VI. Consideration of Burden on Competition, and Promotion of
Efficiency, Competition, and Capital Formation

    SEC: Section 3(t) of the Exchange Act \74\ requires the SEC, when
engaged in a rulemaking that requires it to consider or determine
whether an action is necessary or appropriate in the public interest,
to consider whether the action will promote efficiency, competition,
and capital formation. Section 23(a)(2) of the Exchange Act \75\
requires the SEC, in adopting rules under the Exchange Act, to consider
the impact any rule will have on competition. In particular, Section
23(a)(2) of the Exchange Act prohibits the SEC from adopting any rule
that will impose a burden on competition not necessary or appropriate
in furtherance of the purposes of the Exchange Act. In the Proposing
Release, the SEC requested comment on these statutory considerations
and received none that addressed them specifically.
---------------------------------------------------------------------------

    \74\ 15 U.S.C. 78c(f).
    \75\ 15 U.S.C. 78w(a)(2).
---------------------------------------------------------------------------

    New Exchange Act Rule 6h-2 will permit the listing and trading of
security futures based on debt securities and narrow-based debt
securities indexes. New Exchange Act Rule 3a55-4 sets forth clear
methods and guidelines for a listing market to distinguish futures
contracts on debt securities indexes that are subject to joint
jurisdiction of the SEC and CFTC from futures contracts on debt
securities indexes that are subject to the exclusive jurisdiction of
the CFTC. The SEC believes that the new rules, by allowing listing
markets to list and trade new financial products, will promote
efficiency and competition. The new rules will create opportunities for
listing markets to compete in the market for such new products and
perhaps to create new products that will compete with existing
products. The resulting increased competition and more efficient
markets should not have an adverse impact on capital formation.

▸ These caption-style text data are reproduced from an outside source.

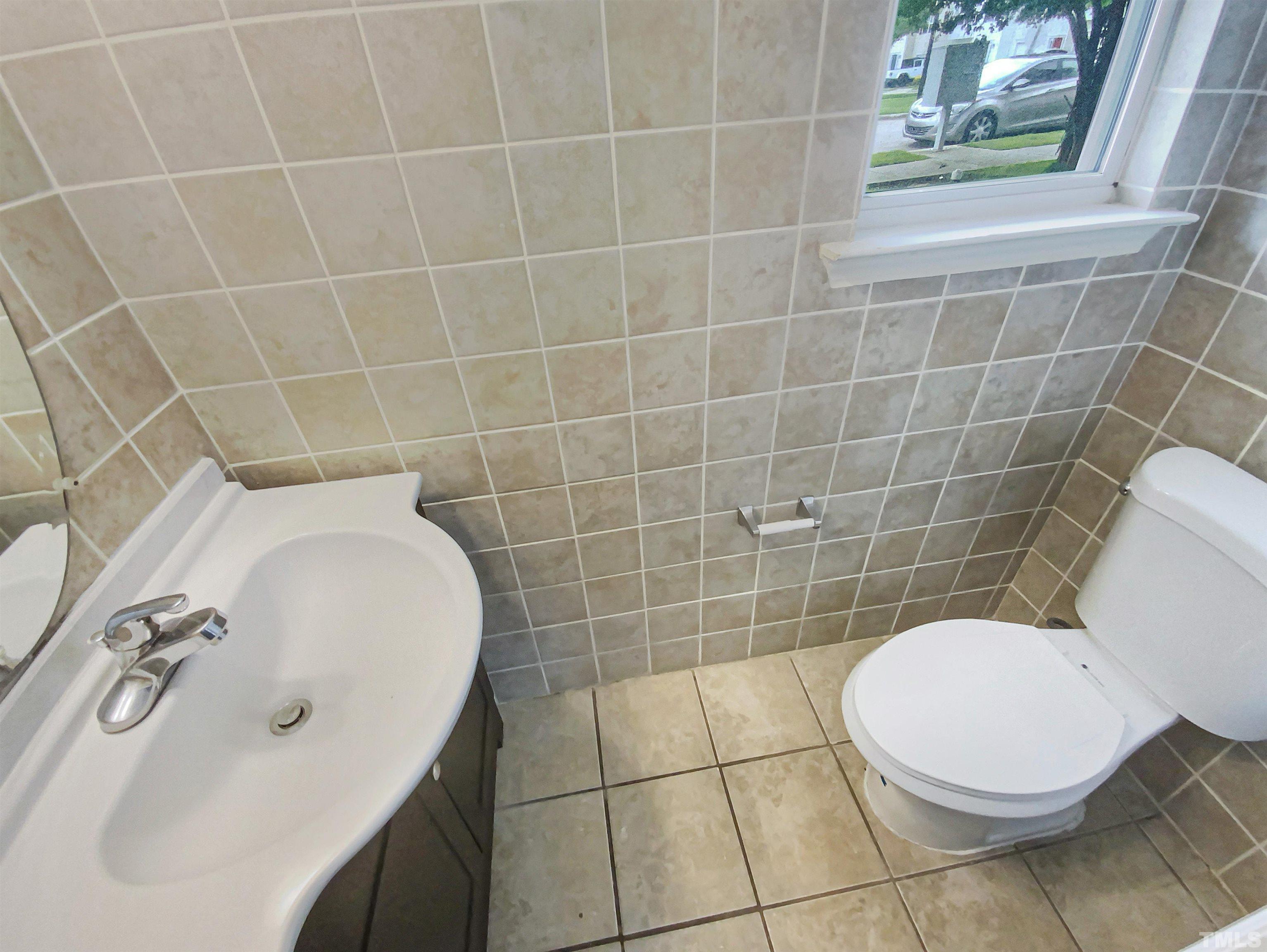 5105 Sandy Banks Road Raleigh, NC 27616 - Photo 14 of 15 a bathroom with a sink a toilet and a mirror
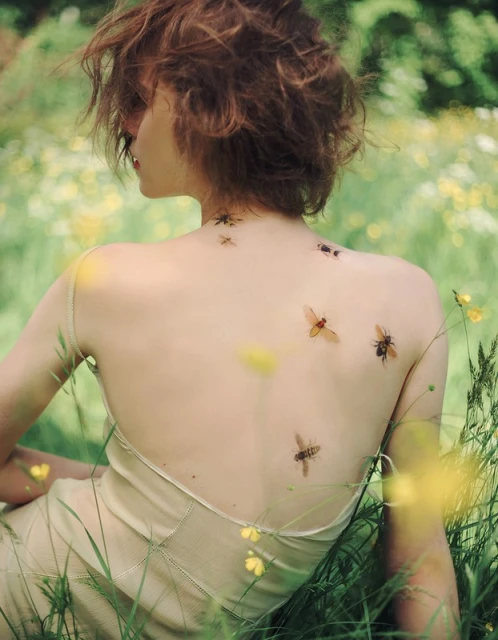 A woman sits in a field, her back to the camera, with several non-discernible bugs on her back. She has short curly hair and is wearing a light dress.
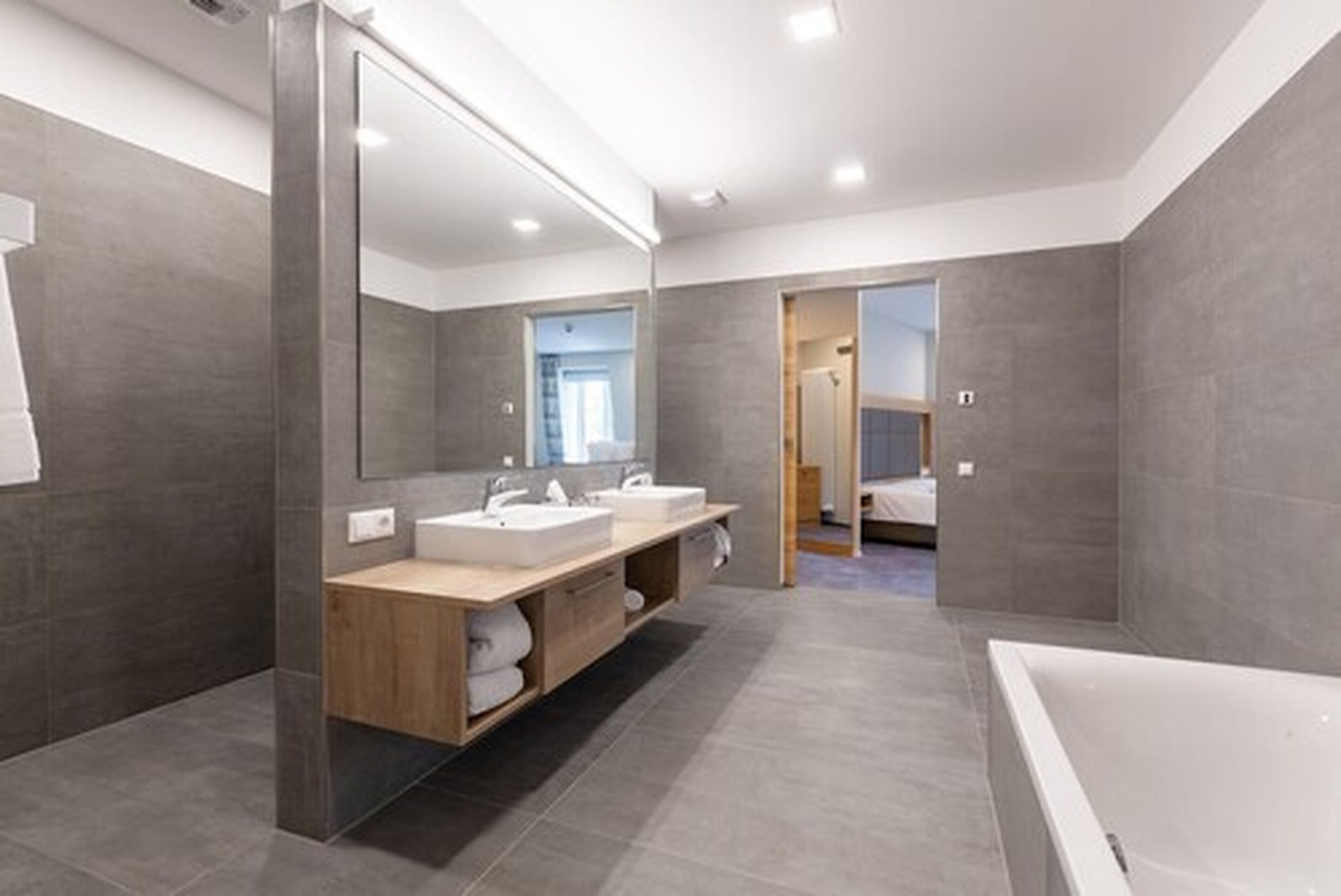 shower, hair dryer, bathrobes, slippers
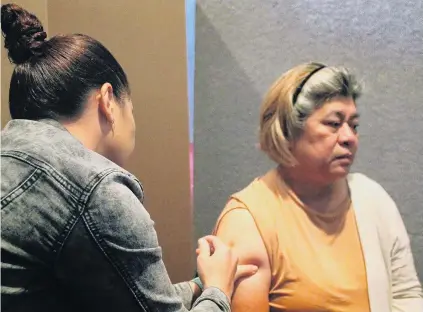  ?? PHOTO: LUISA GIRAO ?? Invercargi­ll resident and caregiver Evelyn Calaunan receives her first Covid19 vaccinatio­n at Invercargi­ll’s permanent Covid19 vaccinatio­n clinic. She was the first person to receive the vaccine at the clinic.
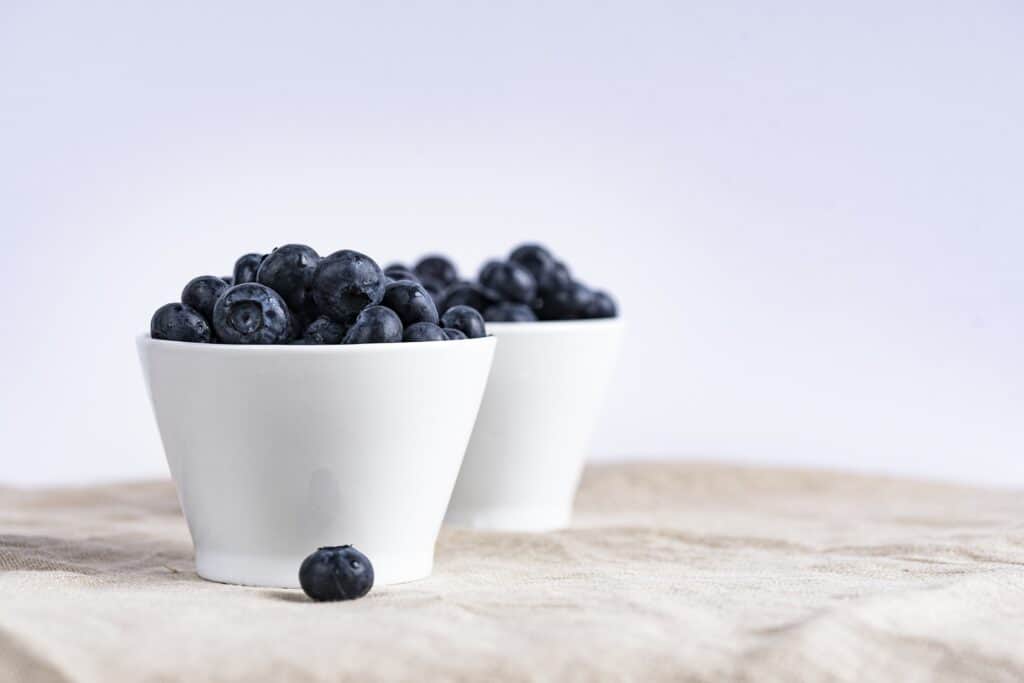 Blueberries in a white bowl, ironically this color combination deals with cravings!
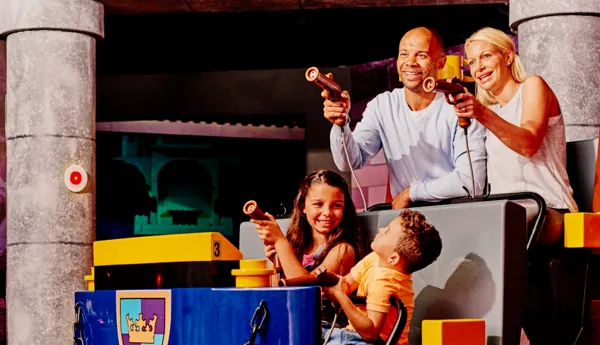 A smiling family of four enjoys an interactive ride at LEGOLAND Discovery Center Dallas-Ft Worth, aiming laser blasters at targets in a medieval-themed setting. The ride vehicle is blue with a LEGO crest, and stone-like columns surround the scene.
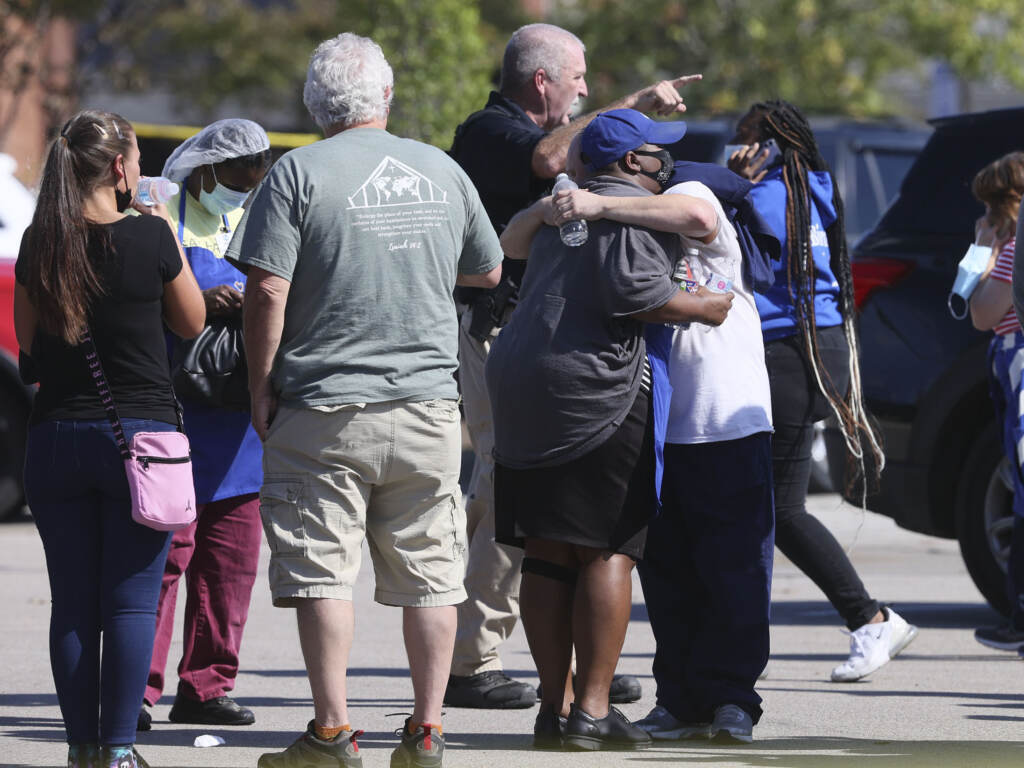 People embrace as police respond to the scene of a shooting at a Kroger grocery store in Collierville, Tenn., on Thursday. Police say 13 people were injured, one of whom has died. The suspected shooter also died from what police say was a self-inflicted gunshot wound. People embrace as police respond to the scene of a shooting at a Kroger's grocery store in Collierville, Tenn., on Thursday, Sept. 23, 2021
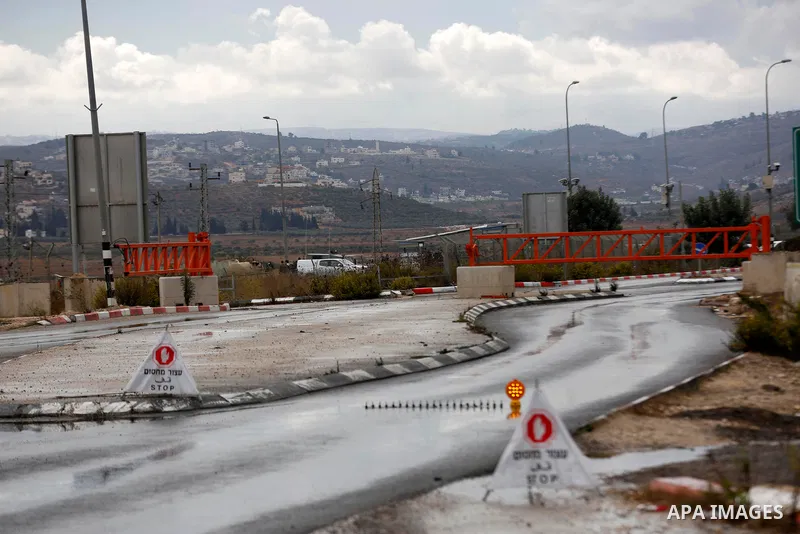 Israeli soldiers gather at a checkpoint near Nablus in the occupied West Bank where a Palestinian who shot at Israeli troops on November 4, 2020 was killed when soldiers returned fire, Israel's army said. Photo by Shadi...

VII. Regulatory Flexibility Act Certifications

    CFTC: The Regulatory Flexibility Act (``RFA'') \76\ requires
federal agencies, in promulgating rules, to consider the impact of
those rules on small entities. The rules herein will affect contract
markets and registered DTEFs. The CFTC previously established certain
definitions of Itsmall entities It to be used by the CFTC in evaluating
the impact of its rules on small entities in accordance with the
RFA.\77\ In its previous determinations, the CFTC has concluded that
contract markets and DTEFs are not small entities for the purpose of
the RFA.\78\
---------------------------------------------------------------------------

    \76\ 5 U.S.C. 601 et seq.
    \77\ See 47 FR 18618 (April 20, 1982).
    \78\ See 47 CFR 18618, 18619 (April 20, 1982) (discussing
contract markets); 66 FR 42256, 42268 (August 10, 2001) (discussing
DTEFs).
---------------------------------------------------------------------------

    SEC: In the Proposing Release, the Commission certified, pursuant
to Section 605(b) of the RFA \79\ that new Exchange Act Rules 3a55-4
and 6h-2 would not have a significant economic impact on a substantial
number of small entities. The Commission solicited comment as to the
nature of any impact on small entities, including empirical data to
support the extent of such impact costs and benefits associated with
the proposed amendment, and no comments were received.
---------------------------------------------------------------------------

    \79\ 5 U.S.C. 605(b).
---------------------------------------------------------------------------

VIII. Statutory Authority

    Pursuant to the CEA and the Exchange Act, and, particularly,
Sections 1a(25)(B)(vi) and 2(a)(1)(D) of the CEA \80\ and Sections
3(a)(55)(C)(vi), 3(b), 6(h), 23(a), and 36 of the Exchange Act,\81\ the
Commissions are adopting Rule 41.15 and amendments to Rule 41.21 under
the CEA,\82\ and Rules 3a55-4 and 6h-2 under the Exchange Act.\83\
---------------------------------------------------------------------------

    \80\ 7 U.S.C. 1a(25)(B)(vi) and 2(a)(1)(D).
    \81\ 15 U.S.C. 78c(a)(55)(C)(vi), 78c(b), 78f(h), 78w(a), and
78mm.
    \82\ 17 CFR 41.15 and 41.21.
    \83\ 17 CFR 250.3a55-4 and 240.6h-2.
---------------------------------------------------------------------------

IX. Text of Adopted Rules

List of Subjects

17 CFR Part 41

    Security futures products.

17 CFR Part 240

    Securities.

Commodity Futures Trading Commission

0
In accordance with the foregoing, Title 17, chapter I, part 41 of the
Code of Federal Regulations is amended as follows:

PART 41--SECURITY FUTURES PRODUCTS

0
1. The authority citation for part 41 continues to read as follows:

    Authority: Sections 206, 251 and 252, Pub. L. 106-554, 114 Stat.
2763, 7 U.S.C. 1a, 2, 6f, 6j, 7a-2, 12a; 15 U.S.C. 78g(c)(2).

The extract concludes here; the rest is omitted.